Однако трейдеры подвержены порче. Мы имеем некоторые общие характеристики, но мы не одинаковые. Когда речь идет об исполнении приказов клиентов, некоторые брокеры в яме настоящие эксперты, но они не могут самостоятельно торговать, не имея чужих приказов. Есть локалы, великолепные в скальпинге, но никогда не заключающие позиционных сделок, основанных на собственном рыночном мнении. Между трейдерами большие различия не только в способностях, но и в стиле, и темпераменте.

Однако у очень хороших в профессиональном плане трейдеров есть одна общая особенность: как только они изучили технику чтения рынка, почувствовали поток приказов на пол и понимание технического анализа, они могут торговать чем угодно. Не имеет никакого значения, что это – бонды, фьючерсы на фондовый индекс, валюты или даже сельскохозяйственные контракты. Если эти контракты обладают достаточной ликвидностью и волатильностью, трейдер-эксперт может покупать их и продавать. Мне часто говорят, что я бы торговал фьючерсами на конский навоз, если бы у них была достаточная ликвидность и волатильность.

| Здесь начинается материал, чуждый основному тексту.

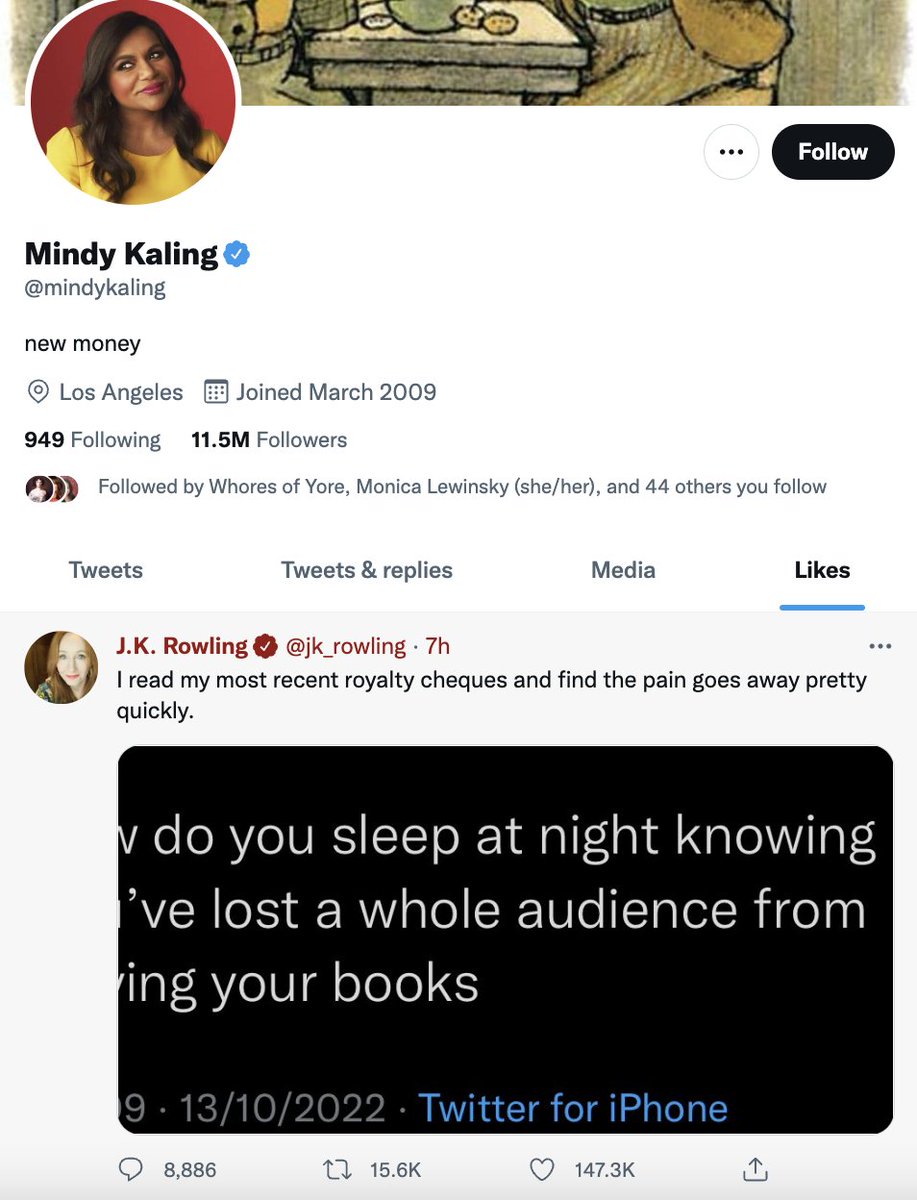 menwritewomen's tweet image. no one should have to say this but if your feminism doesn't include trans women it isn't feminism at all

supporting jkr in any capacity and being a feminist are mutually exclusive

 super disappointing @mindykaling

Если существует возможность торговать, не важно, что является базовым наличным рынком…

Большую часть своей карьеры я стоял в яме S&P, поскольку это моя специальность. Именно здесь я впервые заработал себе имя в качестве ордер-филлера, а позже в качестве локала. Этот контракт с самого начала был контрактом, которым надо торговать. Именно поэтому, глядя на сегодняшнюю S&Р-яму, я не могу избавиться от чувства, как будто я старый бык в загоне для молодняка. Я вижу так много новых лиц, из которых многие жаждут сцепиться со мной рогами. Я знаю тягу к торговле. Я знаю ее привлекательность. И я знаю, против чего восстают эти новые игроки. Кто-то останется, кто-то покинет арену, а кто-то просто исчезнет.

Я помню давно прошедшие годы, когда я начал чувствовать, что становлюсь в отношении ямы немного параноиком. Я должен был торговать, как вдруг абсолютно внезапно заметил двух или трех молодых трейдеров, стоящих у края ямы и наблюдающих за мной. Когда я смотрел на них, они отводили взгляды. Несколько минут спустя они снова стояли, уставившись на меня.

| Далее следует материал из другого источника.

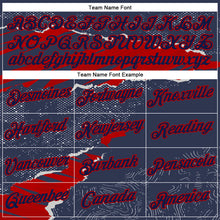 Load image into Gallery viewer, Custom Stitched Navy Red 3D Pattern Design Torn Paper Style Sports Pullover Sweatshirt Hoodie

"Что надо?" – рявкнул я на них.

"Ничего", – ответили они, пожав плечами, и удалились.

Через несколько дней появилась новая группа трейдеров. Все были с новыми членскими значками и стояли, уставившись на меня. Это начинало выводить меня из себя.

"О'кей. Скажите, в чем дело? Почему вы смотрите на меня?" – спросил я одного из новых членов.

"У нас идет обучение торговле на полу, – робко объяснил мне один из этих трейдеров. – Инструктор сказал, что, если мы хотим увидеть лучшего локала на полу, нам следует посмотреть на LBJ".

Тогда я рассмеялся, а позже рассказал эту историю моему другу Микки Хоффману, ведущему на Мерк курсы трейдинга. Однако я должен отметить, что был рад, развеяв свой страх, будто эти новые трейдеры принимали участие в новом заговоре, согласившись выводить меня из себя. Я оказался всего лишь домашним заданием.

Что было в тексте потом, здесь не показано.